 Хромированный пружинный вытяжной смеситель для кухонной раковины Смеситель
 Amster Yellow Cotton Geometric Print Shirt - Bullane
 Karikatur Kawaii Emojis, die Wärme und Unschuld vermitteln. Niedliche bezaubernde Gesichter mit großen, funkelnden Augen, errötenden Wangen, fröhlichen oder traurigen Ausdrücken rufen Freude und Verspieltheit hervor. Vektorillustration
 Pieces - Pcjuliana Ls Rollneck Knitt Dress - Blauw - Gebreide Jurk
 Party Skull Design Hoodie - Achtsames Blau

---

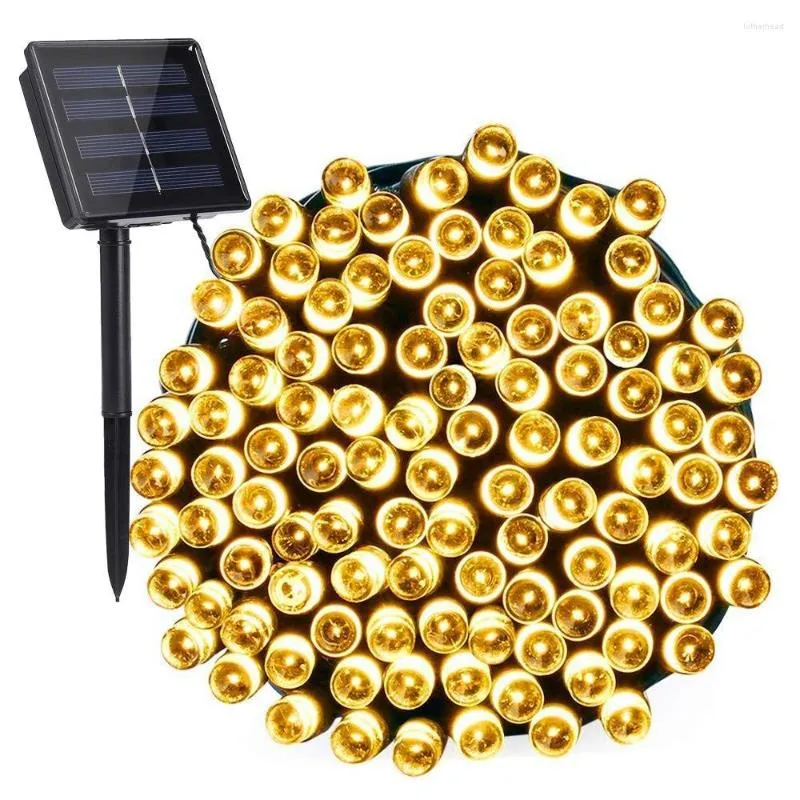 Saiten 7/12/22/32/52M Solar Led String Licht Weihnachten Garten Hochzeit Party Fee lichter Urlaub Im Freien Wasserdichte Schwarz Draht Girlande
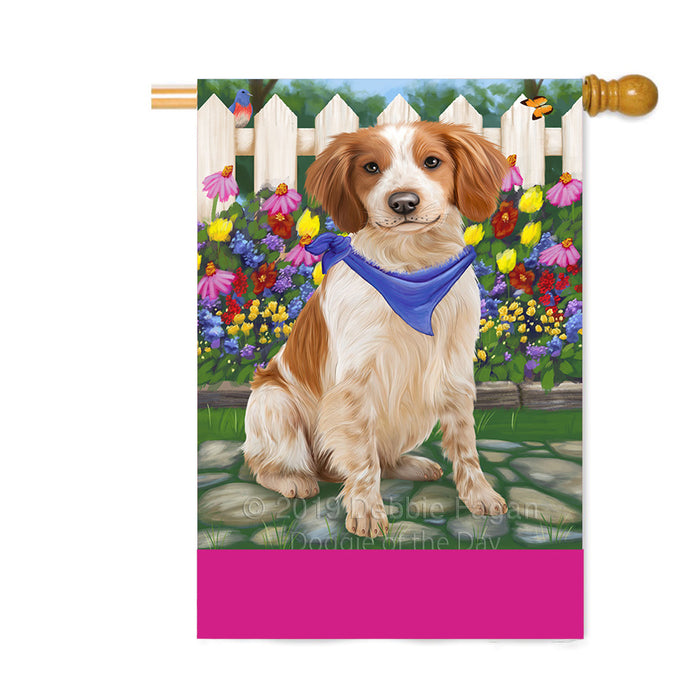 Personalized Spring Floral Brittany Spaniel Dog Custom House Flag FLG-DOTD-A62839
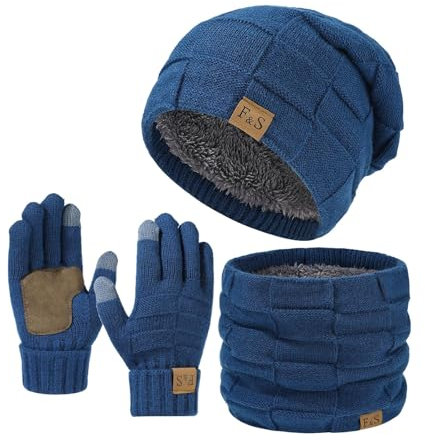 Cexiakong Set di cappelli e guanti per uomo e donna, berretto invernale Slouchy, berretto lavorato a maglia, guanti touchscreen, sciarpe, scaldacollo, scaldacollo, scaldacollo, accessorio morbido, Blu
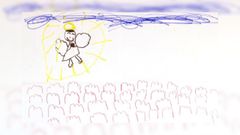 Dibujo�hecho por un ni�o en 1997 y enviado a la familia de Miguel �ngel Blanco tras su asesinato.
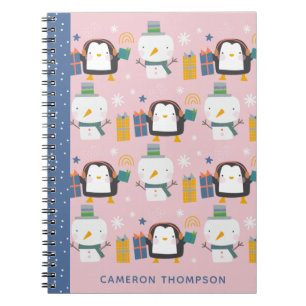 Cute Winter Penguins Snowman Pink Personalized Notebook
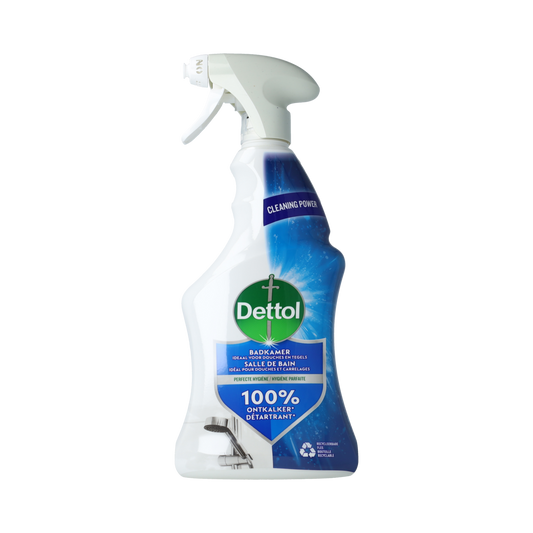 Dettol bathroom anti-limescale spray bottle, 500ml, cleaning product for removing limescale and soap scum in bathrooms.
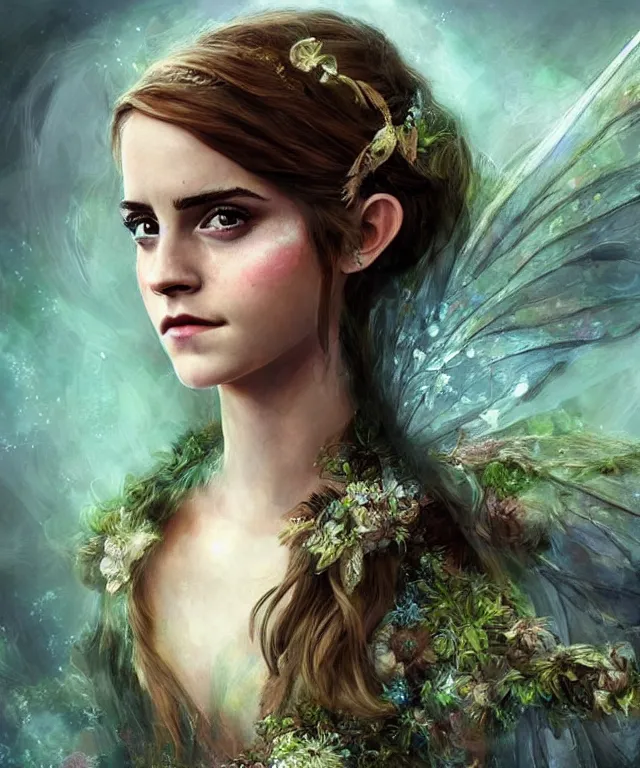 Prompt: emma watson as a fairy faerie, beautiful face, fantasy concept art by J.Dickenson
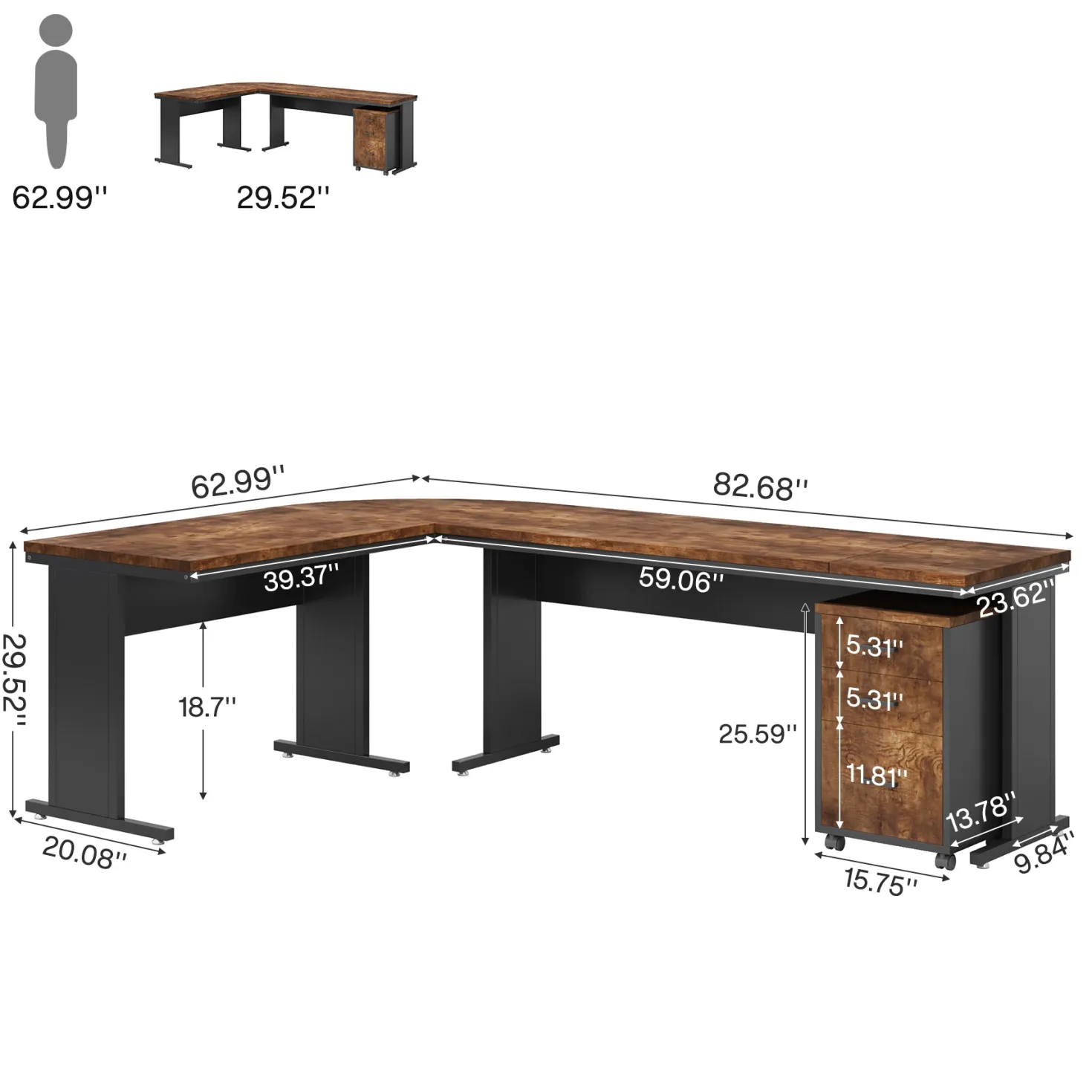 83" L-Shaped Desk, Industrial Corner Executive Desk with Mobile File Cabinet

What you should do =
In the listing above, find the line containing "Saiten 7/12/22/32/52M Solar" and the line containing "Mobile File Cabinet", then output those two lines and everything between them exactly as written, without the images.

Task response =
 Saiten 7/12/22/32/52M Solar Led String Licht Weihnachten Garten Hochzeit Party Fee lichter Urlaub Im Freien Wasserdichte Schwarz Draht Girlande
 Personalized Spring Floral Brittany Spaniel Dog Custom House Flag FLG-DOTD-A62839
 Cexiakong Set di cappelli e guanti per uomo e donna, berretto invernale Slouchy, berretto lavorato a maglia, guanti touchscreen, sciarpe, scaldacollo, scaldacollo, scaldacollo, accessorio morbido, Blu
 Dibujo�hecho por un ni�o en 1997 y enviado a la familia de Miguel �ngel Blanco tras su asesinato.
 Cute Winter Penguins Snowman Pink Personalized Notebook
 Dettol bathroom anti-limescale spray bottle, 500ml, cleaning product for removing limescale and soap scum in bathrooms.
 Prompt: emma watson as a fairy faerie, beautiful face, fantasy concept art by J.Dickenson
 83" L-Shaped Desk, Industrial Corner Executive Desk with Mobile File Cabinet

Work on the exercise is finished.